Should we rely on events recording or nvprof values for kernel execution time ?

Hello everyone,

I want to measure the execution time of my kernel, for that I use cudaEvents, which provides me with a value of ms order.

When I check that with nvprof I get a way smaller value: for small kernels the difference is of order 10ms, but for big kernels it’s about 10us.

This created some confusions in my approach to measure kernel execution time.

The overhead we have with cudaEvents is may linked to calling cudaEventRecord(),right ? And values recorded for nvprof for kernel execution time doesnot include these overheads ? I need to know which values I should rely on ?

Your help is needed to enlighten me .
Thank you

It’s generally recommended to use the profiler reported times. cudaEvent can give unexpected results in multi-streamed settings and/or on windows WDDM, or on linux if the GPU is driving a display.

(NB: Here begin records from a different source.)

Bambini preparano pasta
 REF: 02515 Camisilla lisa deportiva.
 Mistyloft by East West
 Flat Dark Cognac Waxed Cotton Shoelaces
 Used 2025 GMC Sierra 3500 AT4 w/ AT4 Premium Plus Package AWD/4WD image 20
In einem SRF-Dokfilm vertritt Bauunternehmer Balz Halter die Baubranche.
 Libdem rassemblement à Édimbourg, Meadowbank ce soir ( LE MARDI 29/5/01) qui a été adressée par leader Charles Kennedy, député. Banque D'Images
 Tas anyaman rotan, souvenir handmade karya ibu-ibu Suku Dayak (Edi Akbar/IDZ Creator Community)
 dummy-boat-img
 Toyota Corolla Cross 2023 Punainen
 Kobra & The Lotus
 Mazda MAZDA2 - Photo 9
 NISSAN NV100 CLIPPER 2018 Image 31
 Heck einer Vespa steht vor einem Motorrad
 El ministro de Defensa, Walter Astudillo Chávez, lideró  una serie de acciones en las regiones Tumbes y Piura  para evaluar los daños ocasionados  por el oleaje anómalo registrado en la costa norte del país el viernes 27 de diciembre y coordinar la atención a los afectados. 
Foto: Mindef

Thank you for this clarification .

Regarding “multi-streamed settings”, each event is tied to a particular stream, are you saying there are some bugs in the cudaEvent timings?

I’ve seen a lot of discrepancies betweeen cudaEvent timings and nvprof, but generally the average kernel time of 100s/1000s of runs are quite close.

Having “in-application” performance measurement possibilties is a huge benefit for developers, it would great if NVIDIA could address the discrepancy between the event timers and nvprof. Explaining how and why would go a long way to assess the trustworthiness/usefulness of the event timers.


No I’m not saying there are bugs.

I’m referring to the same hazard that ArchaeaSoftware indicates in the last paragraph of the answer here:

The hazard is similar in nature to what can happen on WDDM or a display GPU - you can end up timing things you don’t expect.

The suggested way to ask for a change in CUDA behavior is to file a bug.